By: Mark Fitzgerald
Morris Publishing Group LLC said in a Securities and Exchange Commission (SEC) that it swung to a profit in 2009 even as it negotiated a prepackaged bankruptcy with lenders and revenues fell about 20%.
In the SEC, the parent of The Florida Times-Union in Jacksonville and a dozen other dailies said it needed additional time to file its required 10-K annual report for 2010 “to consider and determine the impact of Morris Publishing’s consummation of a prepackaged plan of reorganization under Chapter 11 of the Bankruptcy Code on March 1, 2010 and whether a going concern qualification is appropriate.”
In previous reports to the SEC, Morris said its auditors had expressed concerns about whether the company could continue as a going concern.
Morris said it anticipates the 10-K will report “significant declines in net operating revenues (approximately 20%) as compared to 2008, significant reductions in operating expenses (especially since a significant write-down of goodwill occurred in 2008), and positive income from continuing operations for 2009 as compared to a significant loss from continuing operations in 2008 (again, due to a significant write-down of goodwill in 2008).”

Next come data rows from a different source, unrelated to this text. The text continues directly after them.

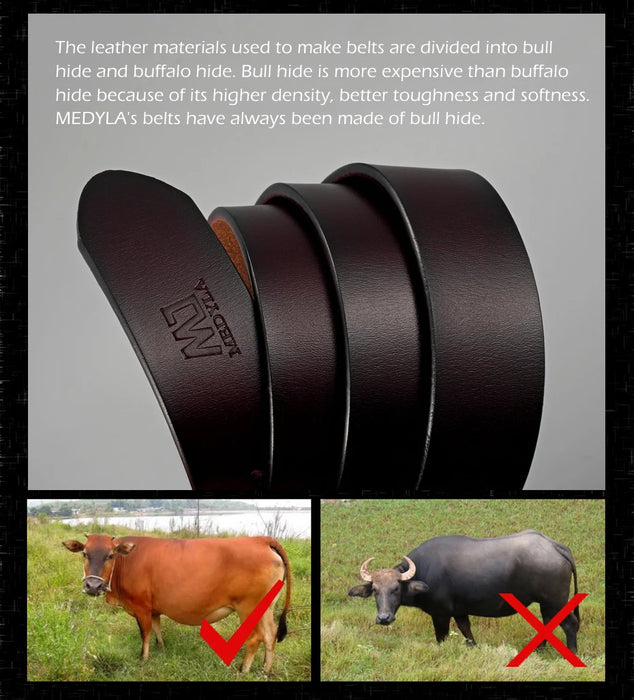 Cintura da uomo MEDYLA cinturino di lusso in vera pelle di alta qualità cintura classica Vintage in lega con fibbia ad ardiglione cintura da uomo Jeans cintura per uomo SM03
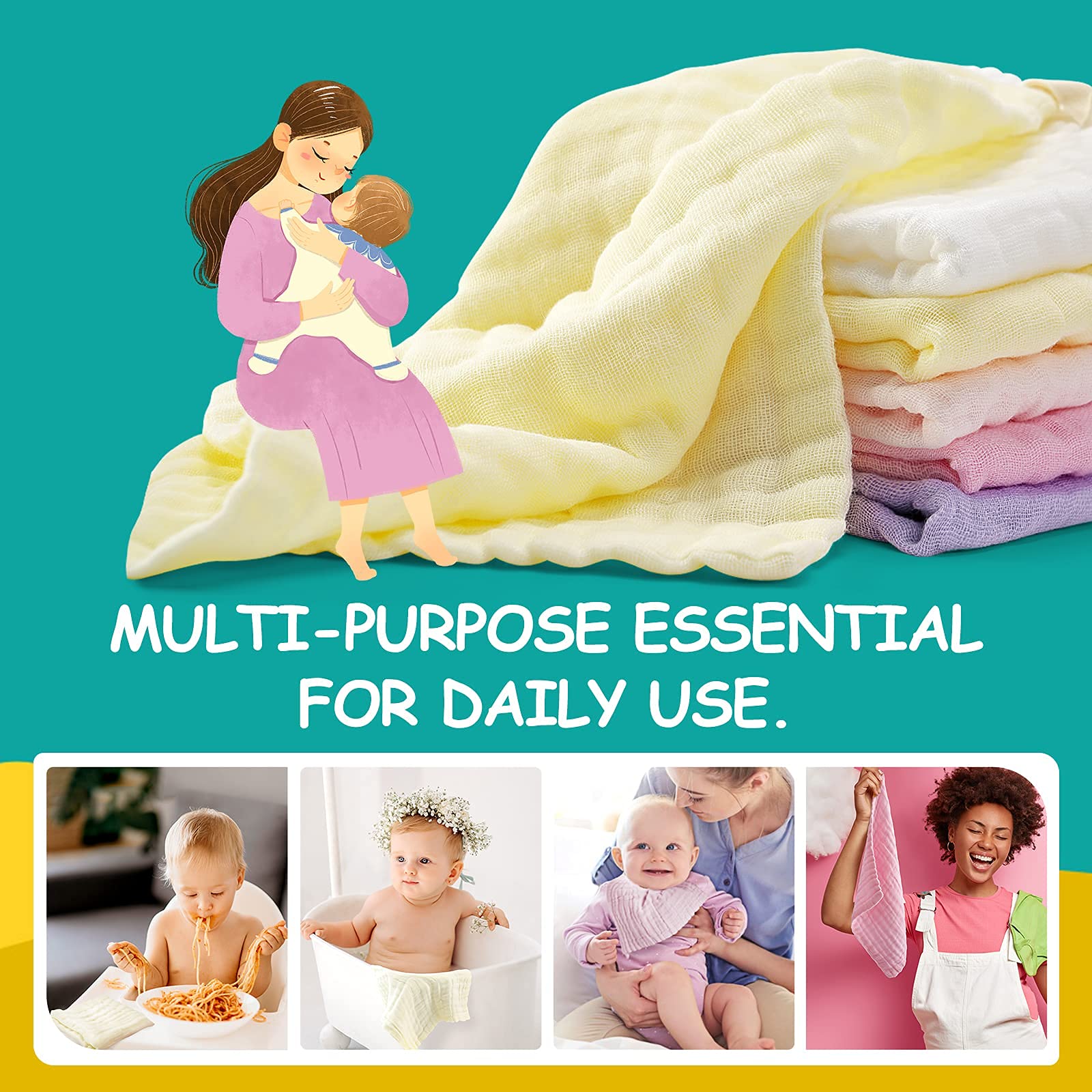 MUKIN double-layer muslin cloth showcases durability after repeated washing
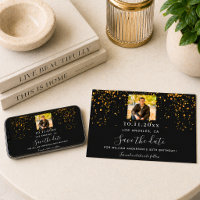 Black gold confetti photo birthday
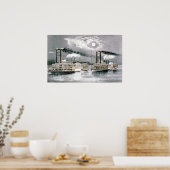 De Grote Mississippi Steamboot Race - 1870 Poster (Keuken)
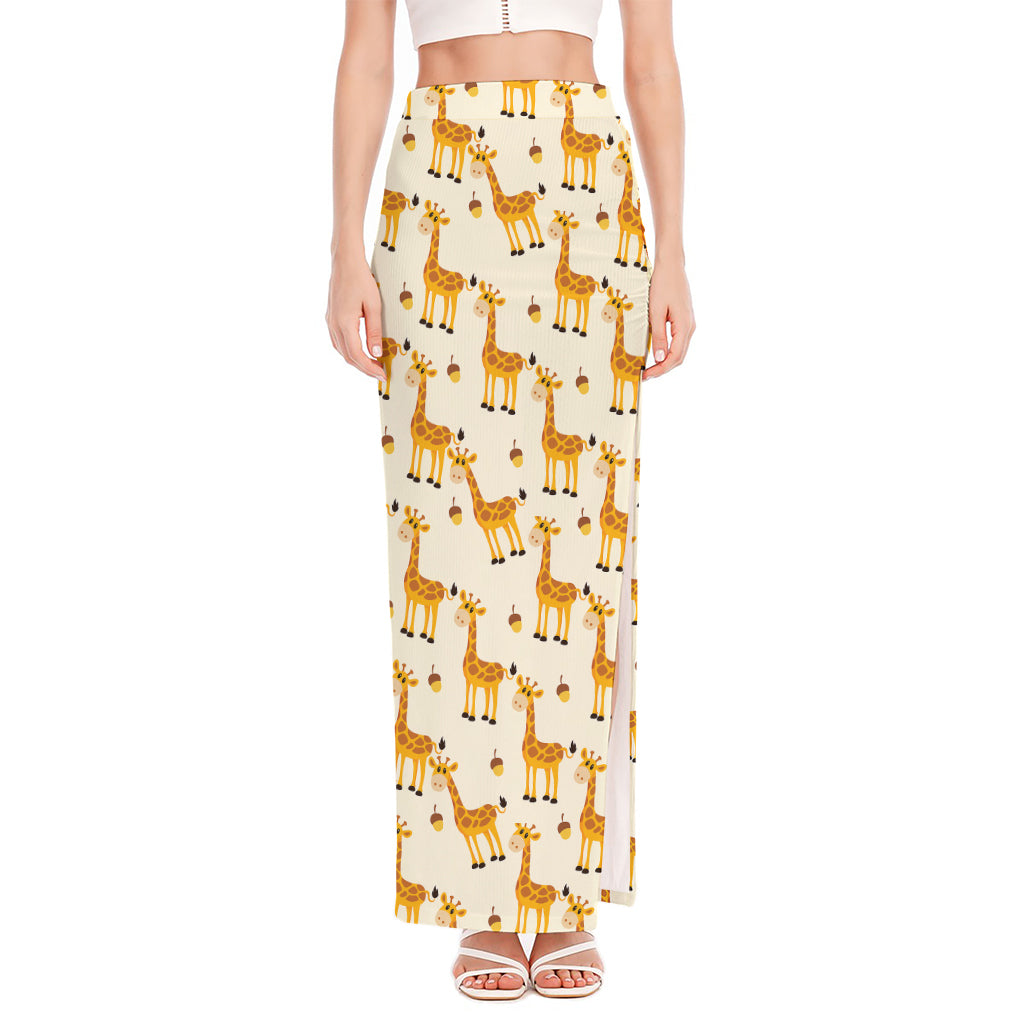 Cute Baby Giraffe Pattern Print High Slit Maxi Skirt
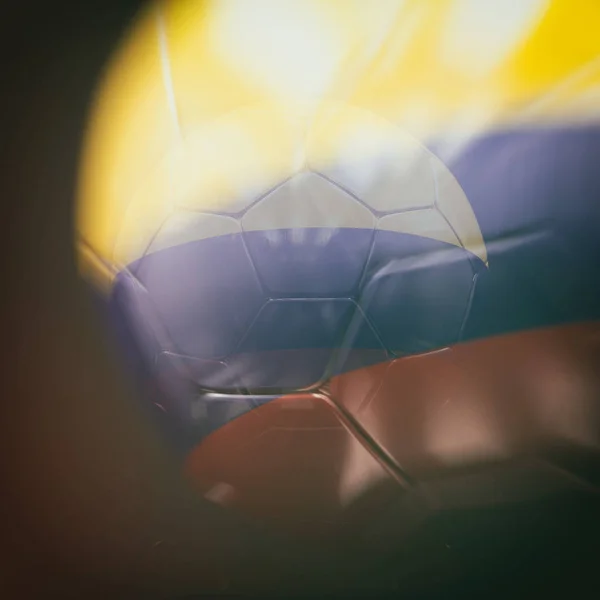 3D μπάλα ποδοσφαίρου με εικονογράφηση σημαία της Κολομβίας — Φωτογραφία Αρχείου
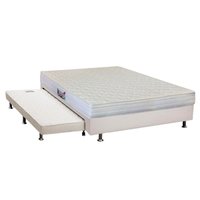 Cama Box c/Auxiliar Casal: Colchão Espuma Herval  AG65 Frontier + Base CRC Courano Branco(138x188)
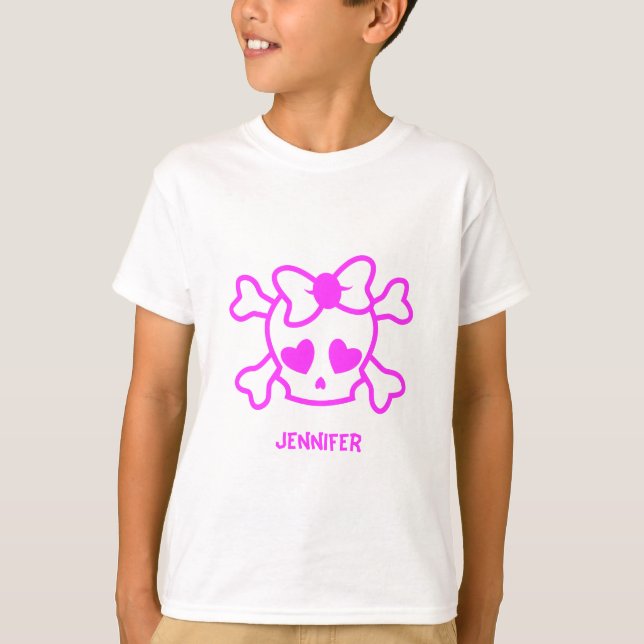 T-shirt Crâne girly rose d'emo avec la chemise de fille de (Devant)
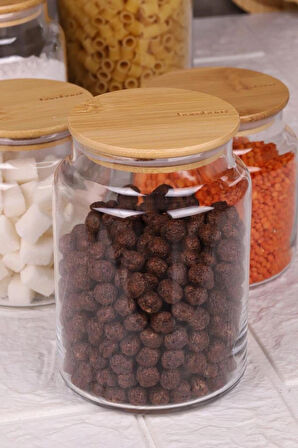 Zone - 6'lı Cam Saklama Kabı 600ml-800ml-1300ml Vakumlu Bambu Kapaklı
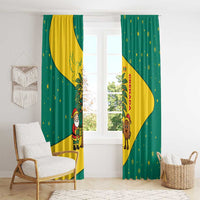 Grenada Christmas Window Curtain with Santa Nutmeg Tree Peace Dove and Festive Gift Design - Wonder Print Shop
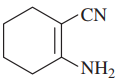 Chemical structure of a hexagonal ring with CN and NH2 groups, illustrating resonance structures and electron density areas.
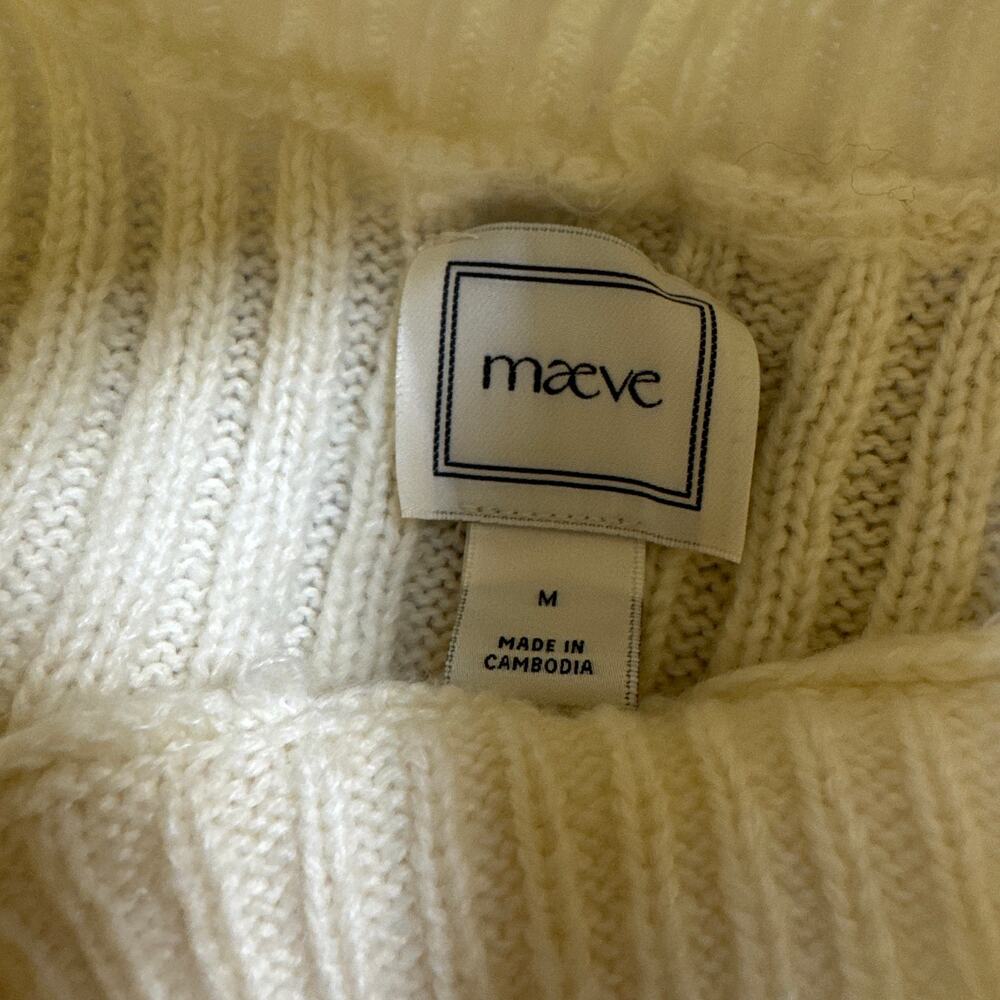 Maeve Cable-Knit Wool Blend Sweater Vest Oversized NWT Small Mock Neck Ivory - Picture 7 of 14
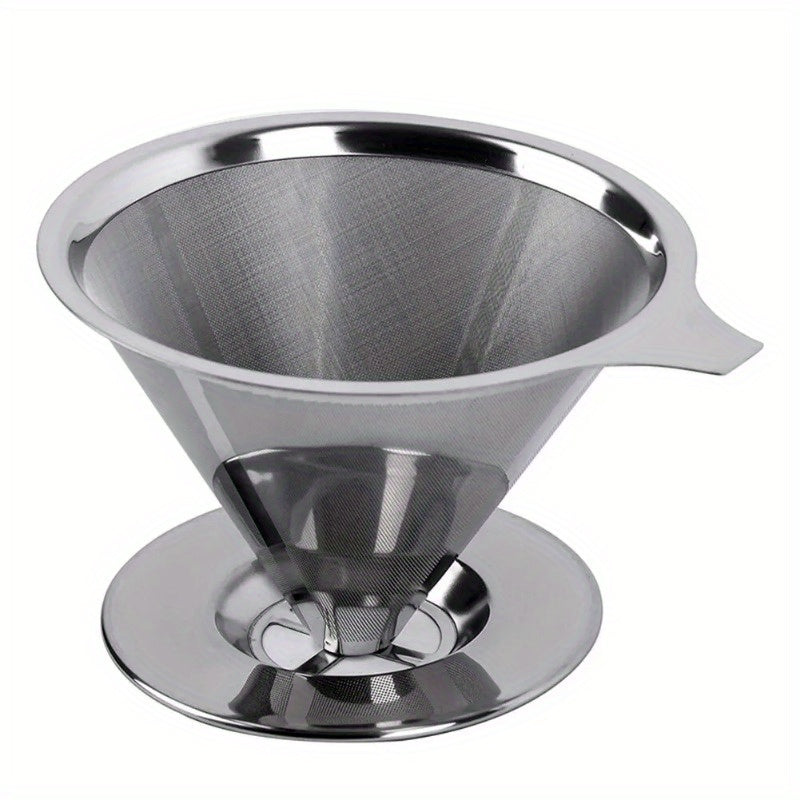 Reusable Stainless Steel Coffee Filter Holder Double-Layer Mesh Storage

Morris emerged from bankruptcy last month under a reorganization plan that reduced its debt to approximately $107 million from $418 million. Morris swapped $100 million of new second lien secured notes due in 2014 for the cancellation of about $278.5 million of outstanding senior subordinated unsecured notes that were due in 2013.
At the same time, entities owned and controlled by the Morris family made a capital contribution of approximately $85 million and paid down intercompany debt amounting to about $25 million. The effect was to cancel about $110 million of Morris Publishing’s senior secured debt.